Redirecting to `stdin`: who outputs the contents afterwards?

Question

Consider the following example in Bash shell

$ echo 'test' | wc -c
5

Everything works as expected. Now let's change it to

$ echo 'test' >&0 | wc -c
test
0

Now, that 0 in the output makes prefect sense: echo has sent everything to stdin (which is traditionally writable) and nothing to stdout, so nothing gets piped over to wc. But how did the output appear in the console? Who printed that test line and when?

And finally, the third test (for platforms that support stdbuf)

$ stdbuf -i0 -o0 -e0 echo 'test' >&0 | wc -c
0
test

What happened here? Why did the order change?

Answer 1

The stdin of echo is connected to the terminal, so that's where the output goes when you do echo 'test' >&0. Usually, echo doesn't use its stdin, but it is there, the same way it is for e.g. cat. On the other hand, if you run echo foo | echo test >&0, you get an error for "Bad file descriptor", since the pipe connected to the stdin of the second echo is read-only for it.

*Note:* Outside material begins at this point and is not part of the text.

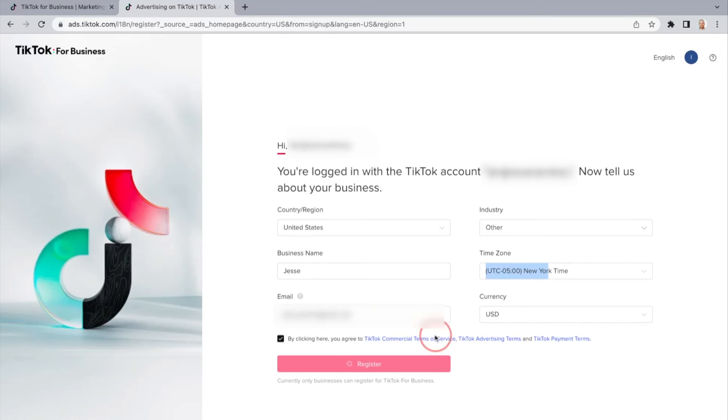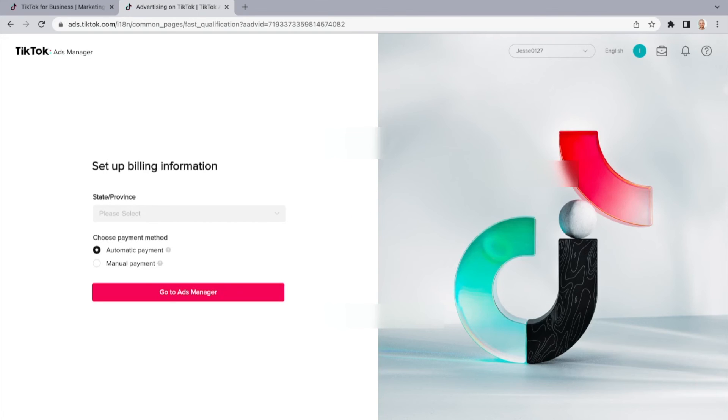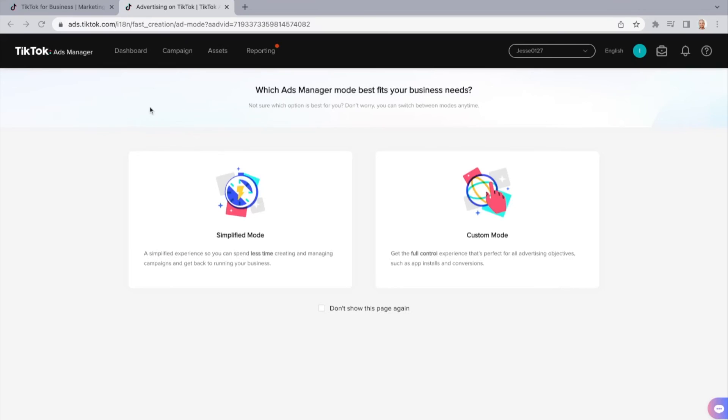You will then select how you want your billing to happen — either automatic or manual. We recommend automatic. Then you will select custom mode.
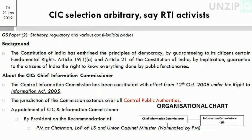Now moving to the topic: CIC selection arbitrary, says RTI activists. RTI activists have told us that our Chief Information Commissioner's selection process is wrong and not being properly followed. Basically our state government has statutory, regulatory and various quasi-judicial bodies. The CIC is basically a quasi-judicial body, created by the RTI Act, which was created for government and public institutions so that they have information accountability.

In your other snippet, with stdbuf, I think what happens is that it's a race between wc noticing the pipe in its stdin is closed (you redirected the write side away, so there's no-one writing to the pipe), and echo writing to the terminal. It's not about the buffering (which really shouldn't matter since echo has to flush the buffer when finishing anyway), you can get the same with strace echo ... or env echo .... Anything on the left side that makes launching echo slower should have an effect. Also, remember that with just echo | wc, you're likely to run the shell's built-in implementation of echo, and with stdbuf, env or strace, an external echo runs. Builtins are faster.

In general, if you have two processes writing somewhere simultaneously, you can't make any assumptions about the order of the writes, unless they explicitly syncronize.